(Data excerpts)
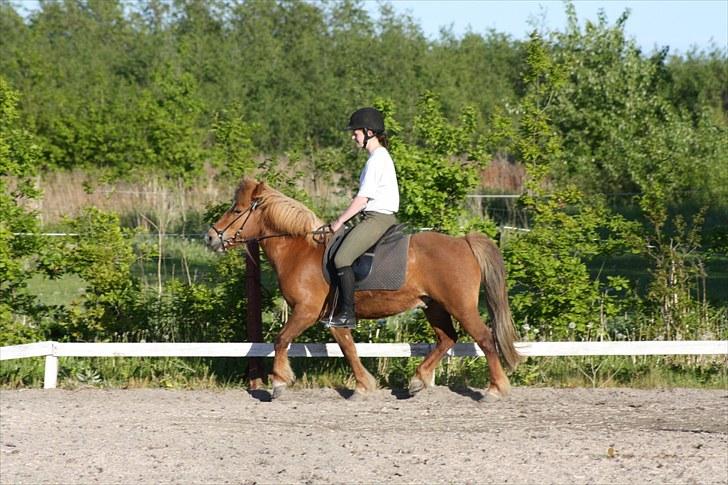 Islænder Fjölvi  billede 10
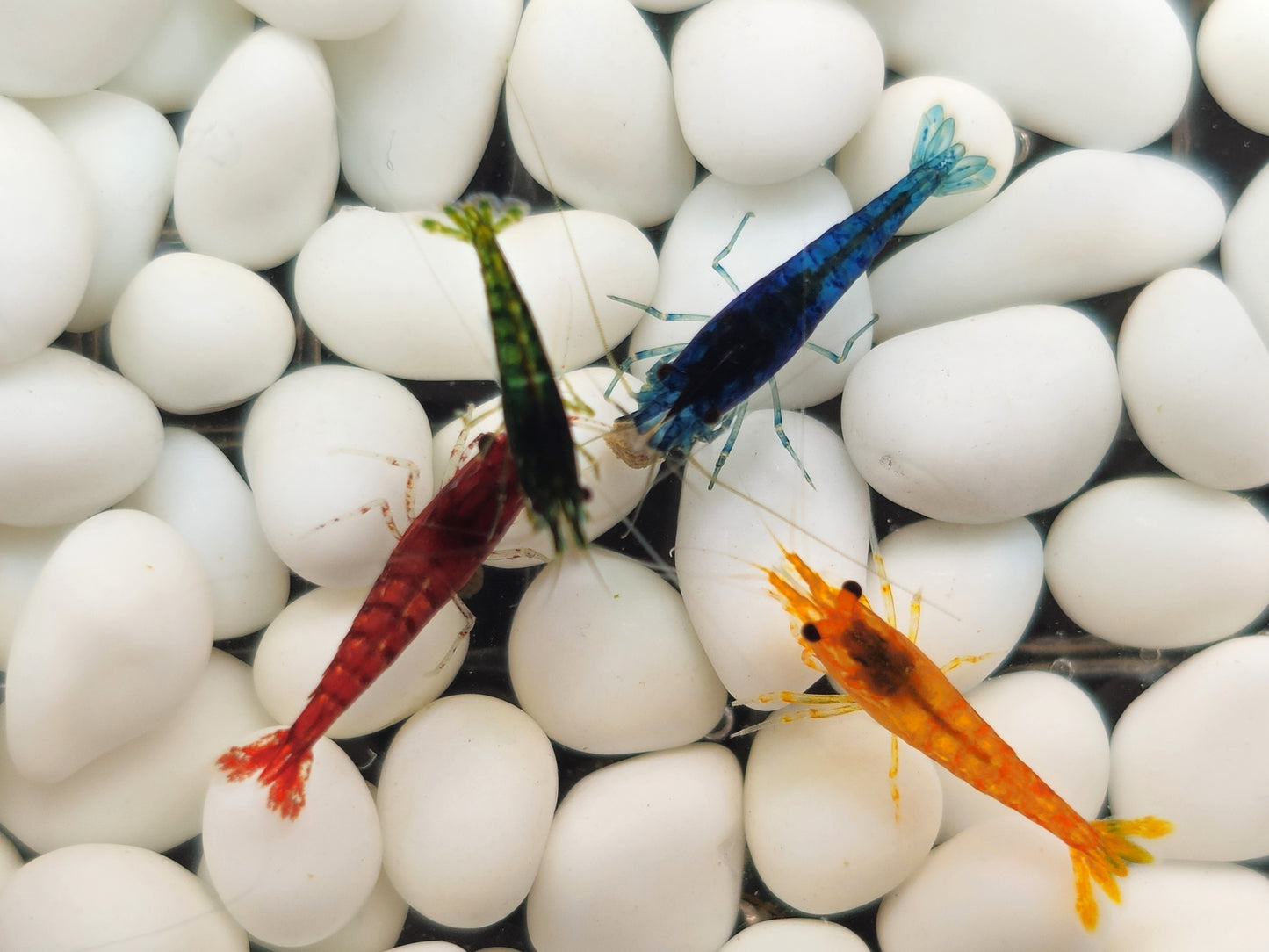 Neocaridina Shrimp Rainbow Pack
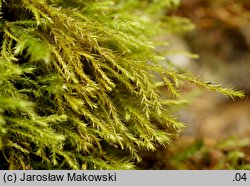 Anomodon longifolius (zwiślik długolistny)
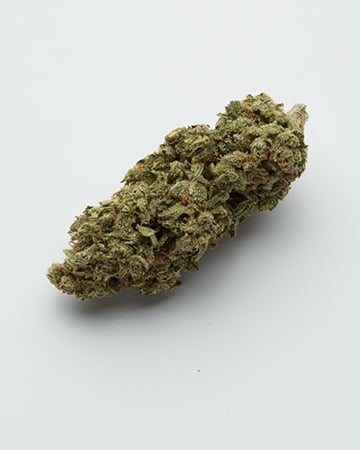 Buy White Fire Alien OG Auto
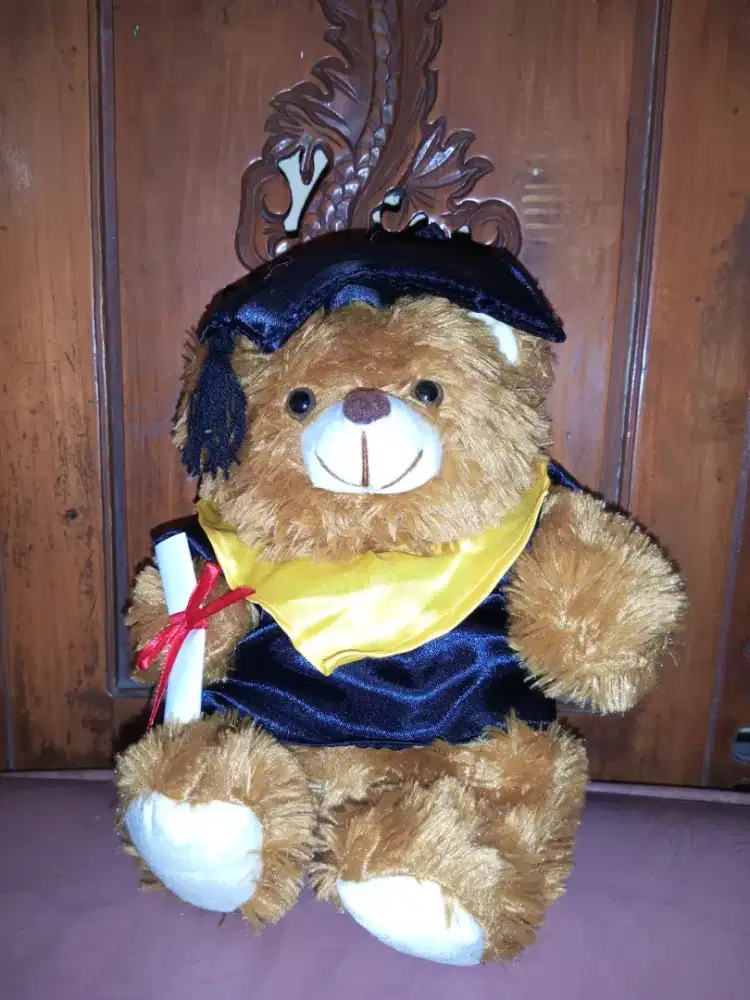 Boneka Wisuda Cute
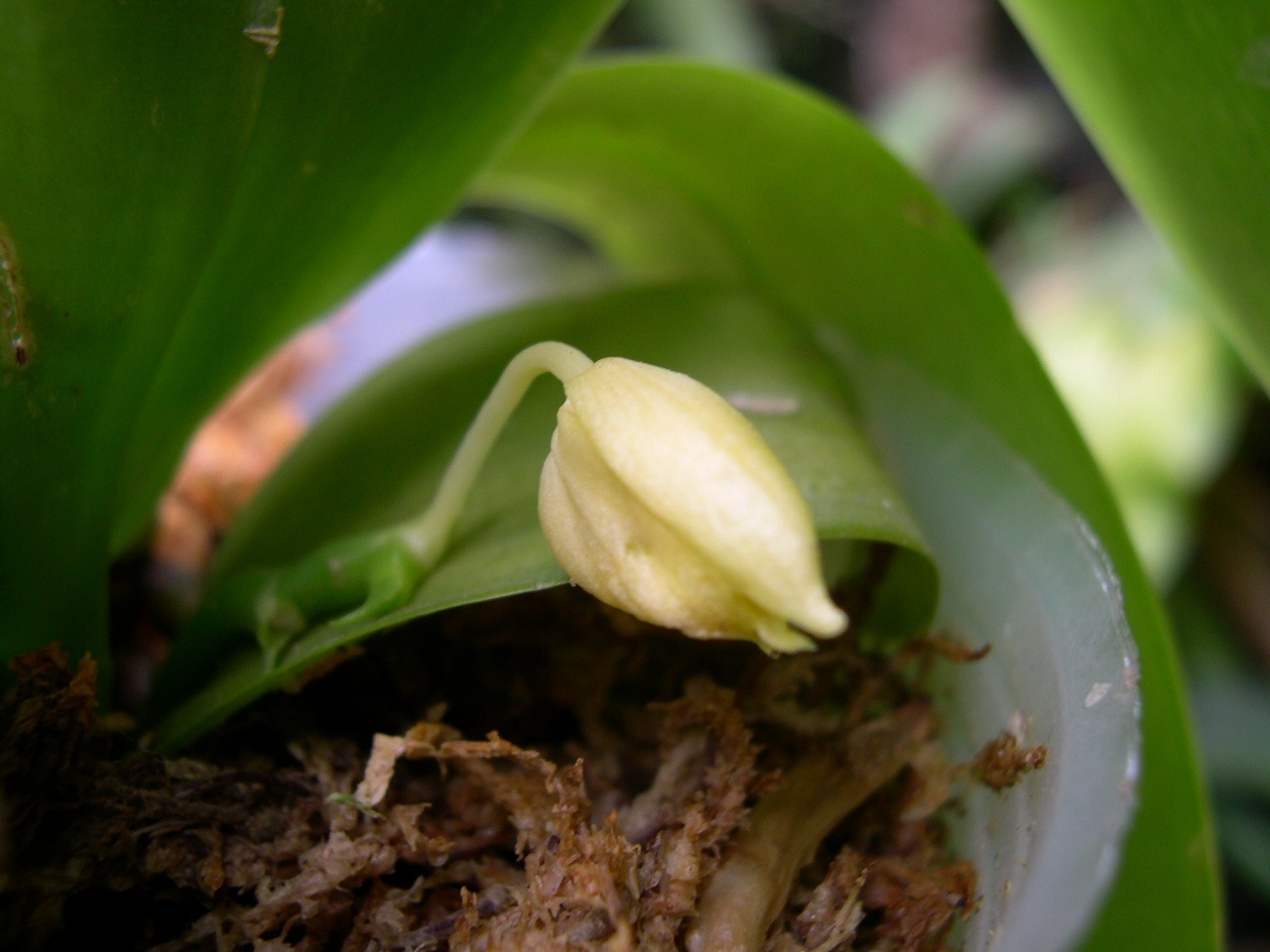 «ö¦¹¦b·sµøµ¡ÂsÄý¹Ï¤ù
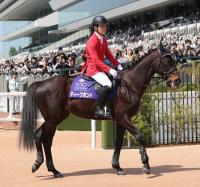 ＜京都1R＞馬場入り際、誘導馬としてファンの前に姿を見せたディープボンド（撮影・坂田　高浩）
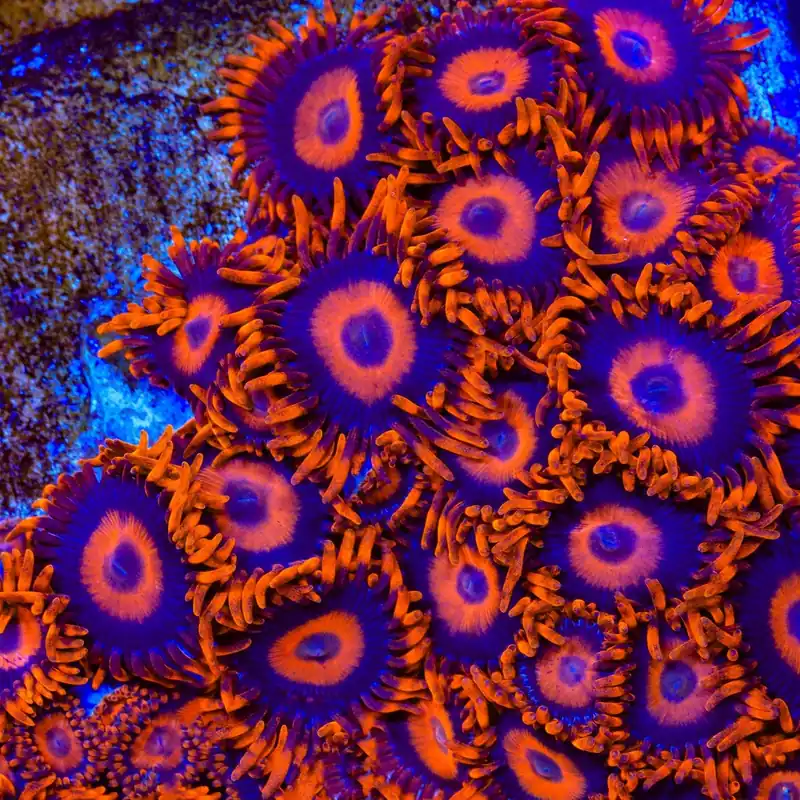 Orange Oxide Zoanthids Coral - TSA Coral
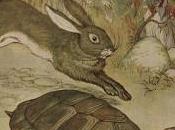 principe précaution myope hauts risques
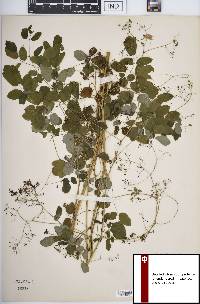 Thalictrum pubescens image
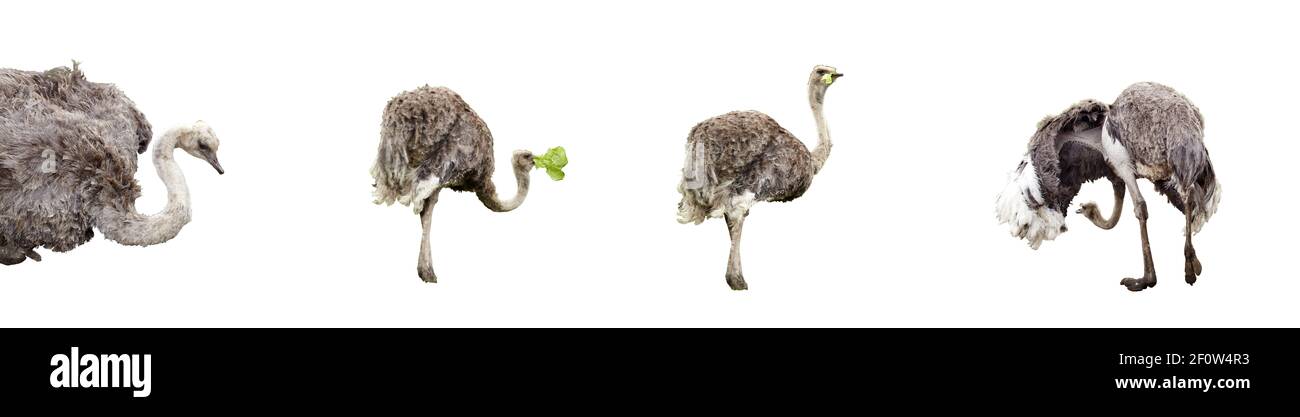 Ostrich at different times isolated on white background with clipping path. Copy space, no shadows. Stock Photo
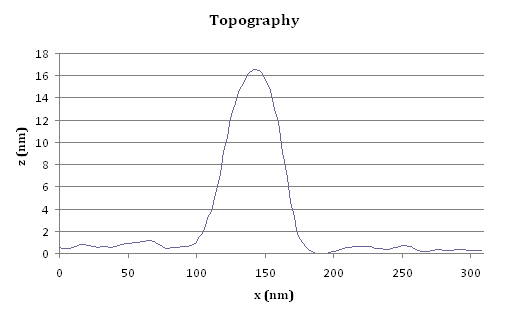 Graph of the topography through a slice of the acquired image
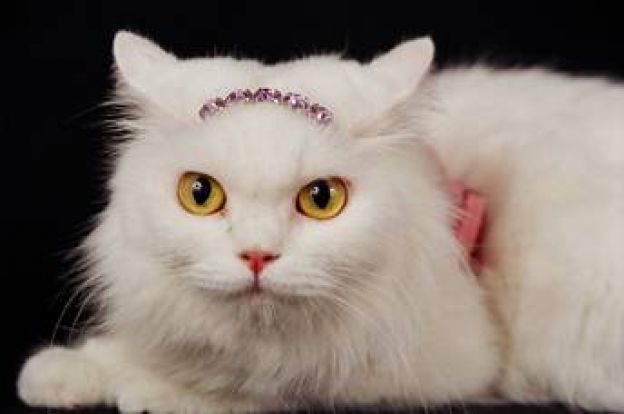 01. Cat Model Nikole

● ACTIVITY: The entries above need to be transcribed word for word, and the pictures stay out.

● RESULT:
 Islænder Fjölvi  billede 10
 Neocaridina Shrimp Rainbow Pack
 Anomodon longifolius (zwiślik długolistny)
 Buy White Fire Alien OG Auto
 Boneka Wisuda Cute
 «ö¦¹¦b·sµøµ¡ÂsÄý¹Ï¤ù
 ＜京都1R＞馬場入り際、誘導馬としてファンの前に姿を見せたディープボンド（撮影・坂田　高浩）
 Orange Oxide Zoanthids Coral - TSA Coral
 principe précaution myope hauts risques
 Thalictrum pubescens image
 Ostrich at different times isolated on white background with clipping path. Copy space, no shadows. Stock Photo
 Graph of the topography through a slice of the acquired image
 01. Cat Model Nikole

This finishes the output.